#### MATERIAL FOR THE TASK ####

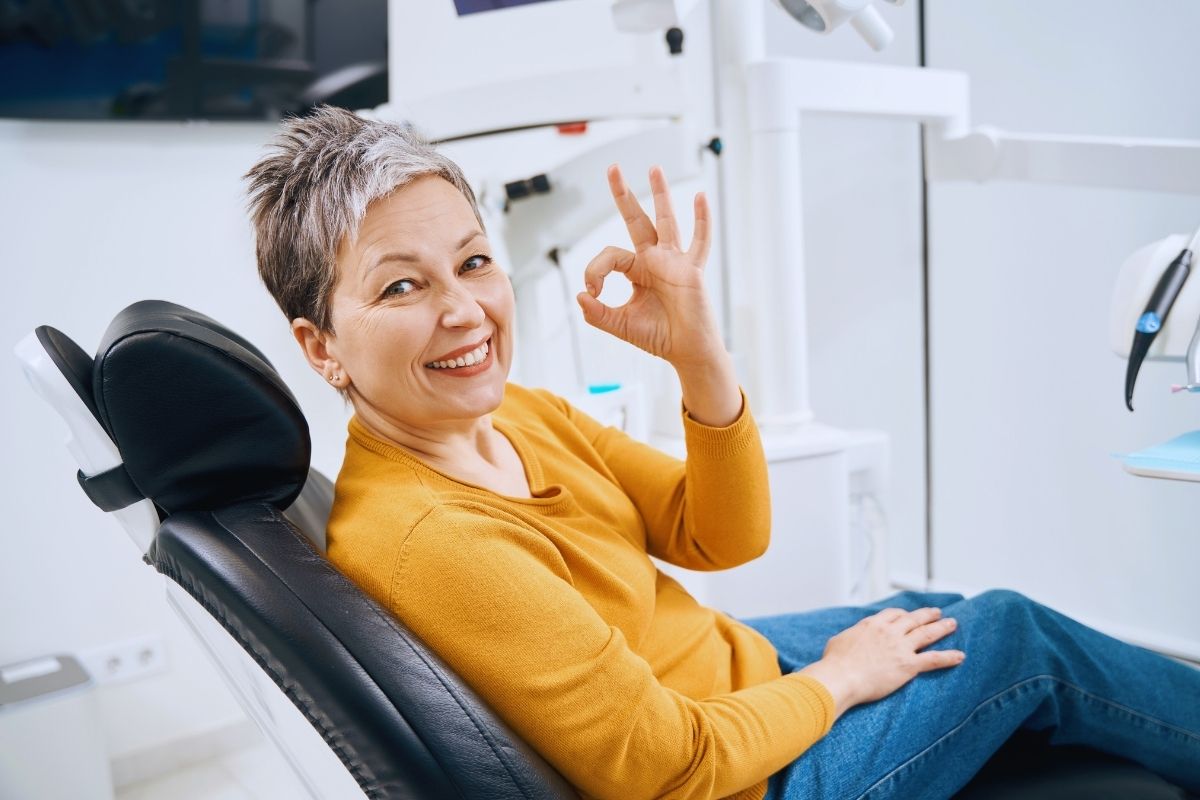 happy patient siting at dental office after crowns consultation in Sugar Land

####
#### MATERIAL FOR THE TASK ####

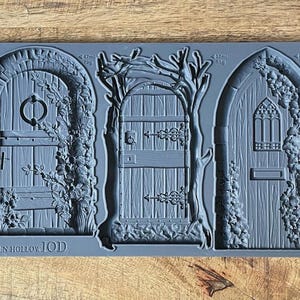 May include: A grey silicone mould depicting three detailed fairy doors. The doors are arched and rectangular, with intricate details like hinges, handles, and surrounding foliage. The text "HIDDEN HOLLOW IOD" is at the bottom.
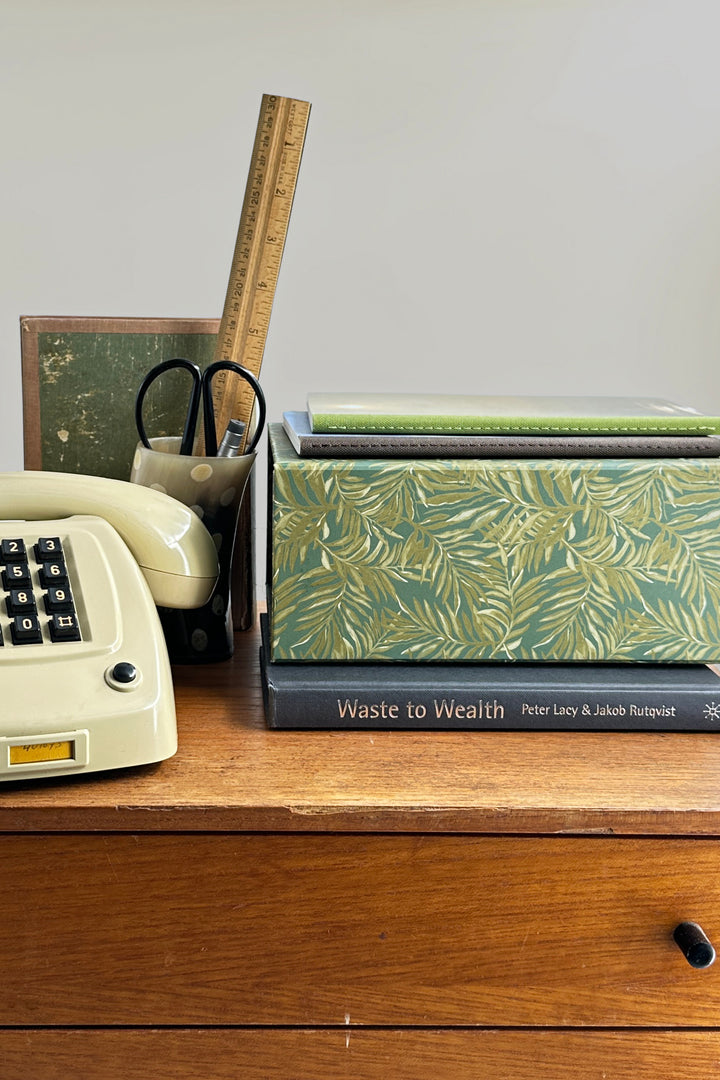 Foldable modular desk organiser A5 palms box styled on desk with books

####

### PROBLEM TO WORK ON
From the line containing "May include: A" through the line containing "Foldable modular desk", copy every line above exactly, without pictures.

### WRITTEN RESPONSE
 May include: A grey silicone mould depicting three detailed fairy doors. The doors are arched and rectangular, with intricate details like hinges, handles, and surrounding foliage. The text "HIDDEN HOLLOW IOD" is at the bottom.
 Foldable modular desk organiser A5 palms box styled on desk with books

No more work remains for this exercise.